Ferroelectrics Combined with Ferrites, Steve Kirchoefer

Wideband tunable phase shifters are being developed using ferroelectric thin films for operation at room temperature. Our efforts have focused on pulsed-laser deposition of thin films of barium strontium titanate which are being optimized to simultaneously possess low dielectric loss tangent and reasonable modulation of the relative permittivity with an applied dc field. These films are used to fabricate wideband distributed transmission lines. Ferroelectric/ferrite material combinations are being developed in order to mitigate the deleterious effects of modifying the capacitance per unit length on the impedance match of the transmission line. The addition of a ferrite will make it possible to independently tune both the inductance per unit length and capacitance per unit length. In principle, this will permit tuning of the phase velocity while maintaining the transmission line characteristic impedance. Barium strontium titanate has been successfully deposited on YIG. Initial microwave measurements have indicated that both magnetic and electric tuning mechanisms are active and that the phase velocity can be tuned equally well by either magnetic or electric field. An equivalent differential phase shift can be achieved with a magnetic bias on the order of 100 Oersteds as has been achieved with an electric bias of 40 Volts.

Tunable Filters for Wireless Base Stations, Balam Willamsen

Turnkey systems using fixed frequency HTS filters and cryogenic LNAs have been developed are currently being deployed for use in existing military and commercial receiver front-ends. The incorporation of frequency agile elements, such as BST capacitors, into these systems will enable many new applications in military and commerical wireless communications systems. The key challenge is to introduce frequency-agility without having a negative impact on the Q or power handling which make HTS filtering desirable.

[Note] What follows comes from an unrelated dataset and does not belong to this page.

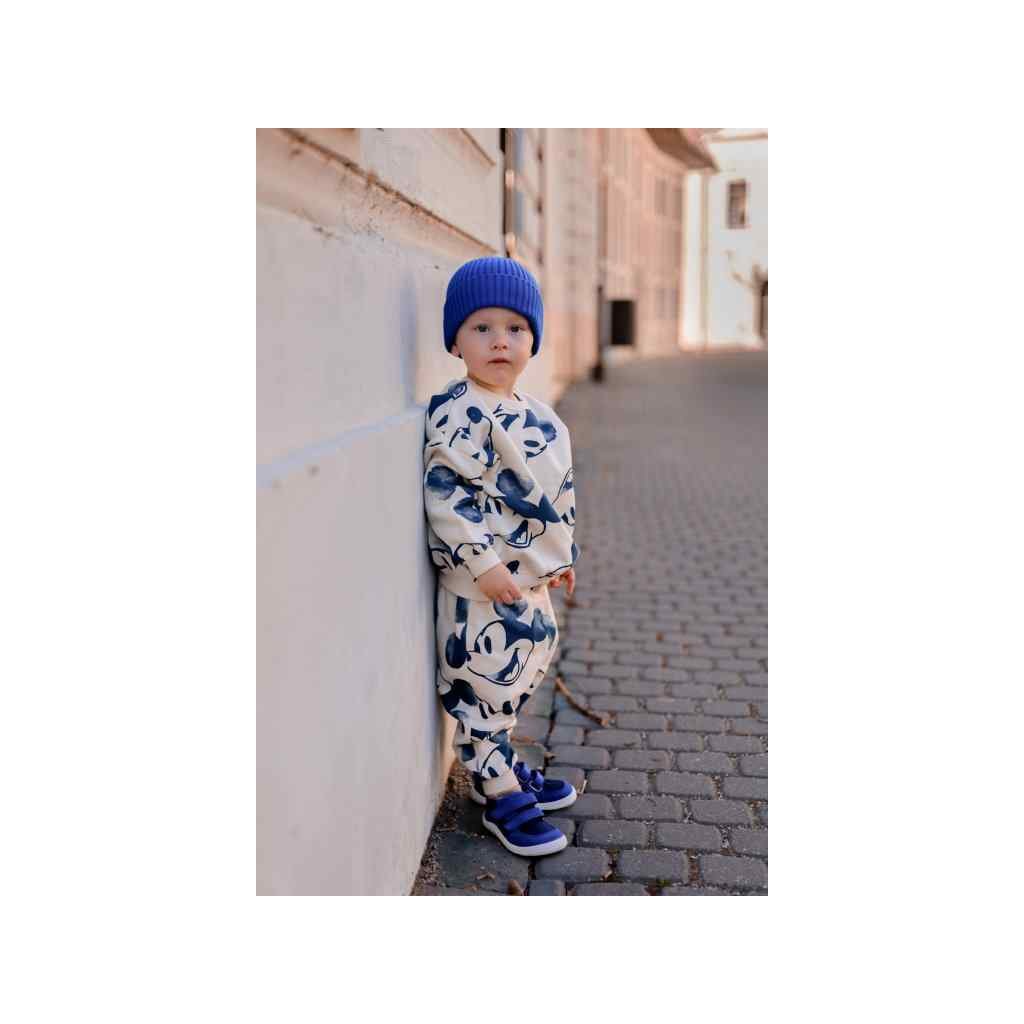 Baby Bare Febo Sneakers Blau auf Weiß Barfuß-Sneakers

Ferroelectrics with Ferrites and High-temperature Superconductors, Alfredo Anderson, Dan Oates and Gerald Dionne

A number of groups have demonstrated miniature bandpass and band-reject fixed-frequency filters using high-transition-temperature superconductors that have very low loss and very sharp skirts. We are working to extend the utility of these filters by adding tunability to their other desirable properties. The bulk of the tunability is provided by the variation of the permeability of the ferrimagnetic substrate with an external magnetic field. Strontium titanate thin films, working in the paraelectric state, are used to modify the resonance frequency of each resonator and trim the response of the filter. We have achieved tunabilities of up to 10% for 1%-bandwidth bandpass filters operating at 10 GHz.